A Alcântara Cyclone Space, binacional brasileira-ucraniana, e outras empresas por ela contratadas ou sub contratadas Atech (ex ESCA, do escândalo Sivam), Geocret, Terra Byte, Allerce Soluções Ambientais Ltda, apresentaram-se nos povoados Baracatatiua e Mamuna, no litoral de Alcântara, onde se pretende situar esse centro civil, no final do ano passado.
Primeiramente na pessoa da Sra. Laura Urrejola (ex AEB) e, agora, na pessoa do Sr. Reinaldo Mello (diretor de suprimentos da ACS) e outros.
Esses senhores tentam cooptar as lideranças dizendo que tudo já está sacramentado pelo governo federal, que tudo já foi sancionado pelo Congresso e que a eles, quilombolas, não resta senão “negociar”.
Negociar o quê? Água, luz, estrada e telefone público, direitos básicos que estão previstos, inclusive, nas 66 ações oficiais delineadas no âmbito do extinto GEI – Grupo Executivo Interministerial – e atual CENDSA – Comitê Nacional de Desenvolvimento Sustentável de Alcântara.
A pretexto de realizar “serviços de pré-engenharia” e estudos com vistas ao licenciamento ambiental do empreendimento Cyclone 4, essas empresas estão demarcando pontos dentro dos povoados, como Mamuna; rasgando estradas, inclusive passando por cima de roças, como ocorreu esta semana com a lavoura do Sr. Alex, em Mamuna, e realizando perfurações, tudo sem licença prévia.
O licenciamento ambiental vem servindo de anteparo, de álibi para o avanço do projeto Cyclone Space 4, já que o Brasil está muito atrasado no que toca sua parte no Acordo com a Ucrânia.
No tocante à regularização do território quilombola, ao que se saiba, o Incra-MA já teria terminado o RTDI – Relatório Técnico de Identificação (primeiro passo para a titulação) e, ao que tudo indica, de acordo com as determinações da Casa Civil, desrespeitando o acordo judicial.
O ambiente nas comunidades quilombolas do litoral é de muita insegurança. Há mais de vinte anos vivem esse clima – seja diretamente pela mão dos militares, da Infraero e, agora, supostamente dos ucranianos via Atech e sub-contratadas.
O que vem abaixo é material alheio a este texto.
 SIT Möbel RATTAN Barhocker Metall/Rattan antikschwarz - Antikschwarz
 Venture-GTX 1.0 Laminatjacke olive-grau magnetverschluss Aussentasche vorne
Primeiramente, foram deixados à margem pelo Estado por mais de vinte anos: sem estradas, sem escolas, sem telefone, sem eletrificação. Agora, tudo isto é acenado pela ACS como “compensação” ou como parte de uma suposta “negociação”.
O fechamento do litoral alcantarense significará a fome, não apenas para esses povoados do litoral, mas para as agrovilas, para todos os povoados que integram o território étnico de Alcântara.
Artigo originalmente publicado pelo Jornal da Ciência, SBPC, JC e-mail 3432, de 17 de Janeiro de 2008.